Pour l’amadouer, je lui explique que je suis de passage à Paris, que j’ai une
soirée importante pour le travail le soir même, et que j’aimerais être soignée
jusqu’aux bouts des ongles. Elle sent que c’est essentiel pour moi, et elle
décide de me faire cette fameuse pose de vernis.
En voyant l’état de mes ongles, de mes mains, elle est
surprise. Je devance ses questions et lui raconte que la chimiothérapie m’a
beaucoup abîmé cette partie-là de mon corps, que jusqu’à un mois auparavant
j’avais les ongles très fragiles, et qu’à présent il me reste
« seulement » des crevasses, qui se réveillent quand le vent souffle
à Perpignan. Elle me conseille très gentiment de mettre mes doigts très
régulièrement dans de l’huile d’olive tiède, « pas chaude, tiède, vous
comprenez ? ». Là où d’autres m’ont conseillé des crèmes
faramineuses.
Dès le début j’ai une sensation étrange avec elle.
Liliane a les mêmes mains que ma grand-mère, veloutées, avec la pulpe toute
douce. Elle a aussi le même sourire, j’ai l’impression d’être en face de Nanou,
dix ans en arrière. Je lui fais entièrement confiance.
Elle me confie qu’elle a eu un accident deux ans
auparavant, « un truc tout bête, je me suis coincée le pied dans un trou
dans la rue, et je me suis cassé le col du fémur ». Après deux ans d’inactivité,
de rééducation, elle a repris le travail à mi-temps.

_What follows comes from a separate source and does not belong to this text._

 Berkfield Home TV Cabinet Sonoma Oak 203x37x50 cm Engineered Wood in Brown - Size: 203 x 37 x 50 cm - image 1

Ses clientes l’ont
attendue, à son grand étonnement, et surtout à sa grande fierté.
Car Liliane fait surtout des soins, du corps et du
visage, et on sent que derrière ces banals soins se cache un monde de douceur
et de bien-être. Elle le fait pour ses clientes, dans un but presque
thérapeutique.
A la fin de ma pose de vernis, je la quitte à regret, et
lui promets de venir me faire faire un soin du visage la prochaine fois que je
viens sur Paris.
J’ai payé 10 euros. Pour une demi-heure très douce, hors
du temps, où elle a fait plus que simplement poser du vernis.